For Version 2, MacSyFinder was carried under Python 3.

New features and search engine

MacSyFinder v2 is a major release. The search engine was changed for a more intuitive and comprehensive exploration of putative systems.

The search is now more thorough and avoid undesirable side-effects of the previous search engine. Being more thorough, it now also includes a scoring scheme to build candidate systems from sets of detected components (clusters), and can offer several optimal “solutions” (sets of detected systems) based on a combinatorial exploration of detected clusters. See here for more details.

Warning

The search engine being different, one might want to check that models carried from v1 to v2 have the expected behaviour.

Several new features were added, including:

  • a new type of gene component “neutral” was added in order to provide more possibilities for systems’ modelling in macsy-models. See here for more details.

  • a new component feature was introduced: “multi-model”, that corresponds to components that are allowed to participate in occurrences of systems from different models. See here for more.

  • more flexibility was introduced in the search for systems’ components using HMMER. It is now possible to use the cut_ga threshold when provided in the HMM profiles used for components’ similarity search. This enables to have a search tailored for each HMM profile, and thus component. See here for more details.

  • a new file structure was created to better organize MacSyFinder’s packages (i.e. that include systems’ models and corresponding HMMER profiles). See here for details.

  • a tool to easily install and distribute MacSyFinder’s packages was created. See here for more details on macsydata.

  • the format for MacSyFinder’s models has slightly changed, in order to offer more possibilities, and more readibility. To see how to carry models from v1 to v2, visit here.
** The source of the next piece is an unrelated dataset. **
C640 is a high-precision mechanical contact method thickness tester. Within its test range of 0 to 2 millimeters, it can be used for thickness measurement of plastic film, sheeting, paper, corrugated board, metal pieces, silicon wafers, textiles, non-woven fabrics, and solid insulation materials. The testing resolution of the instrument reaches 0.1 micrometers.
Also, the search modes corresponding to “unordered” and “unordered_replicon” were merged into the “unordered” search mode - as they basically correspond to the same behaviour.

Note

In v2, output files were also re-defined. See here for more details.

Dependencies

MacSyFinder v2 no longer requires the formatdb or makeblastdb tools from NCBI. However, new dependencies are used, but as they are Python libraries, it should be transparent for the user, and not require manual installations. See here for details.
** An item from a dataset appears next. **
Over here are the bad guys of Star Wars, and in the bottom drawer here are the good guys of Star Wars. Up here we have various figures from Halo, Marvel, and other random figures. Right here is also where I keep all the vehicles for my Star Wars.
Models are more formalized

The models data are more formalized, with a well defined structure. For instance the definitions and profiles must be packed together in what we call a macsy-model package If you intend to model new systems please refer to the Modeller Guide.

Models installation

We now provide a new tool to manage the models. See Models installation with macsydata.

Models configuration

The modeler can provide some spcific configuration values released along the model package. See Model configuration.

Modeller helper tool

To help modellers create new models we provide a new helper tool macsyprofile, which analyses HMMER raw output files from results of a previous MacSyFinder run, to provide information on all hits even if filtered out. See macsyprofile.

Models installation with macsydata provide also some options to help the modeller as

  • macsydata init to init a new model package.

  • macsydata check to check the integrity of a model package, before to use/publish it.